It’s a strange working world for Amazon employees. An algorithm monitors their performance, and if they don’t deliver, bots send out notices. That’s how it works when Amazon terminates its employees.

Admittedly: Being fired is not pleasant. First and foremost, of course, that goes for the employees. But the HR department rarely enjoys it either. But receiving a notice of termination via bot is certainly several levels stranger than an unpleasant termination interview.

But that’s exactly how many employees at Amazon in the U.S. are feeling. According to a report by Bloomberg, in which the magazine spoke with 15 drivers of the Flex delivery program, many reported how they suddenly received an automated e-mail with a termination notice.

Algorithm measures performance

Apparently, Amazon prefers to terminate its flex employees via bot.

Anyone who has followed Jeff Bezos’ HR strategy over the years won’t be too surprised by this. The Amazon CEO has always believed that machines can do (many) jobs better than humans. Starting with human resources.

For example, former employees repeatedly report on technologies at Amazon that measure productivity. That’s apparently true for the freelance delivery drivers Amazon’s Flex program, too. There’s nothing secret about it. Drivers know up front that their work is being monitored via the Flex app.

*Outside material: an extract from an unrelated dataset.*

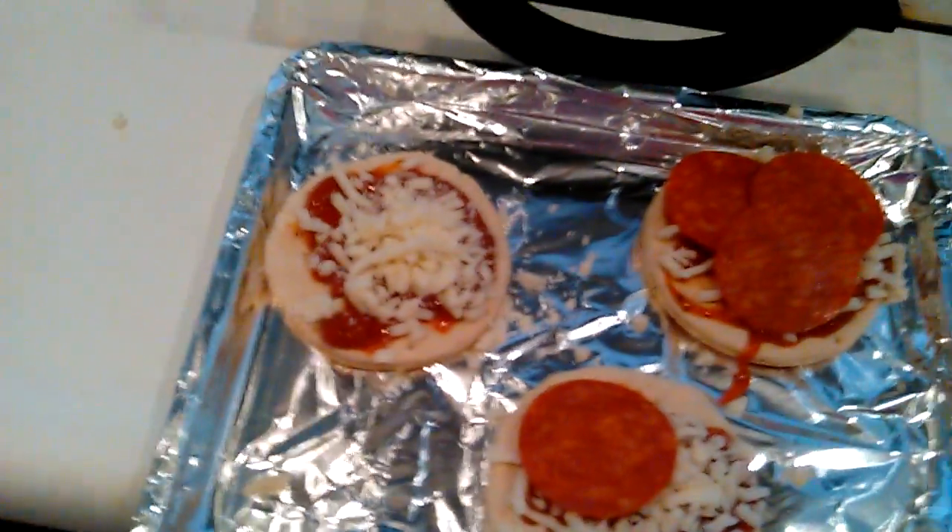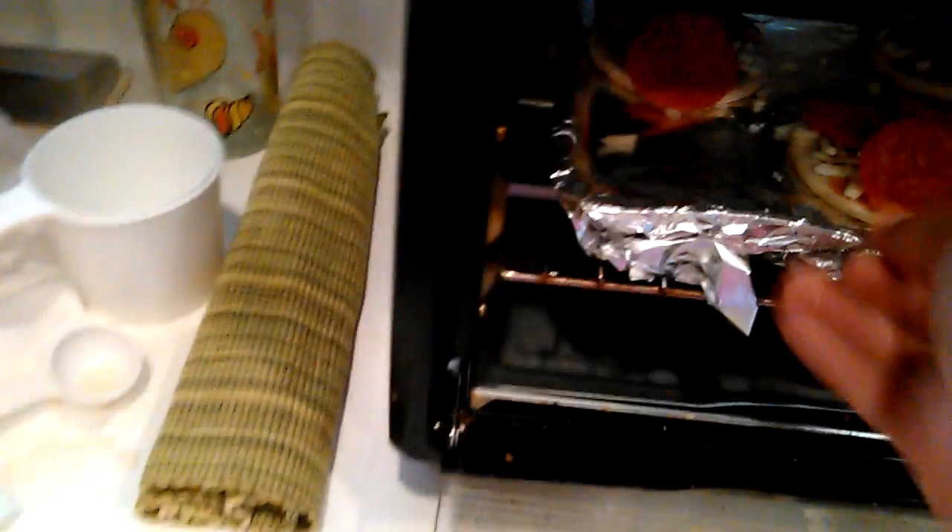Bam. Now you can do oven, or I personally like doing microwave. Microwave, you just put it for a couple, maybe five minutes — it depends on what you use. Put it in. And we play the waiting game.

There is a kind of comparison between what the algorithm specifies and the completed performance. For example, the app calculates in advance how long a particular delivery should take. GPS data plays a role in this. Information on the traffic situation and travel time is also used.

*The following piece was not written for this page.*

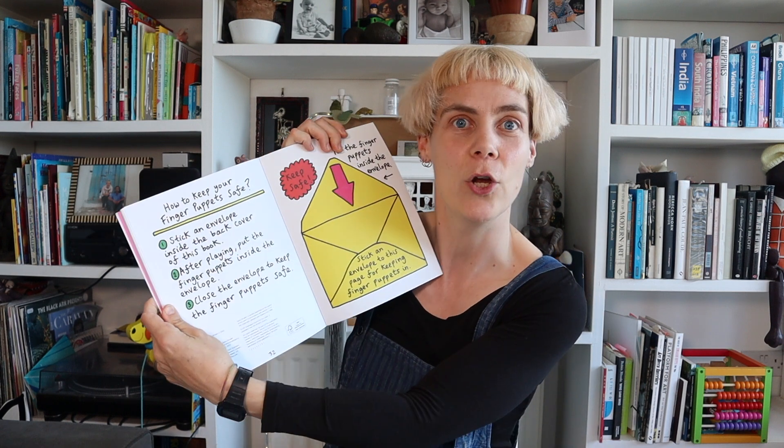You can play on your own or with a friend or with a family member, and at the end there's an envelope to put your finger puppets in to keep safe.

What happens if the algorithm makes a mistake?

The algorithm is mostly accurate, but it is not perfect. For example, one delivery driver told Bloomberg how he was once asked to drop off a delivery in the early morning hours at a gated apartment complex.

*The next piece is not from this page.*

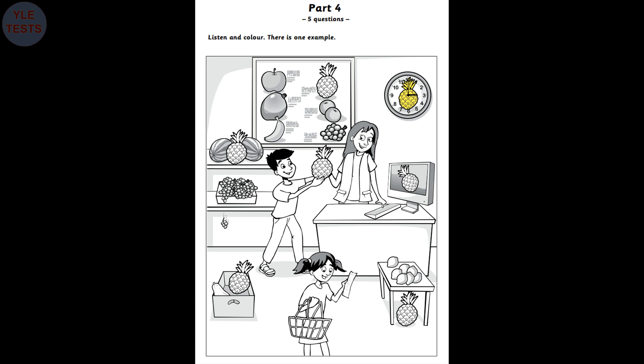Can you see the pineapple between the two watermelons? The one between the watermelons? Yes, I can. Good. Colour that pineapple blue. OK. That's funny. Five. Can you colour this pineapple now? Which pineapple? The one on the board? Yes. The pineapple on the board. Colour it red. OK. I'm colouring that one now. Very good. Thanks.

There were no staff at the gate that early, and the driver was unable to deliver the package to the appropriate address. Flex protocol in this case is to contact the complex’s main office. The driver did so. However, this was also still closed.

In this case, Amazon prescribes to contact the customer directly. Now you can imagine how “easy” it is for suppliers to reach someone early in the morning – especially when calling from an unknown number.

Bad ratings from the algorithm

So the driver couldn’t reach anyone and then had to call Amazon’s Flex support to resolve the issue. Again, that took some time.

But since that’s a problem the algorithm doesn’t include in its calculations, the technology simply saw that the delivery was extremely late for no reason, and the driver got a bad rating.

A short time later, he received an automated email: Amazon terminated him via mail bot.

Amazon terminates, complaints futile

He did complain. But he did not get a chance to explain his situation. Talks with the management are rare for Flex-Driver. Why should they? The algorithm is probably right 95 percent of the time. And if internal sources at Amazon are to be believed, the small error rate is accepted.

First, it is much more efficient and cost-saving to replace the HR department with technology. But if one were to start questioning the algorithm every time, this would involve too much effort and cost – especially with a small error rate.

Second, Amazon also has no problem finding new employees. The Flex program has always been popular, but the pandemic has made it even more so. Because many people lost their jobs or felt insecure at work, a flexible job at Amazon with good pay is tempting.

Third, however, Amazon has little to fear in its approach. That’s because Amazon’s practices are not illegal. Nor do flex employees have virtually no legal basis for complaint, since as self-employed workers they are hardly protected by labor laws.

Amazon just one example of many

It’s not just Amazon, by the way. Other tech companies in the U.S. are also taking advantage of the gig economy. So do the drivers at Uber and Doordash, and the juicers who charge electric scooters for companies like Lime and Bird.

There are tentative legislative initiatives, such as the Algorithm Fairness Act, to crack down on personnel decisions by algorithm in particular. But these initiatives have not yet gone beyond initial proposals.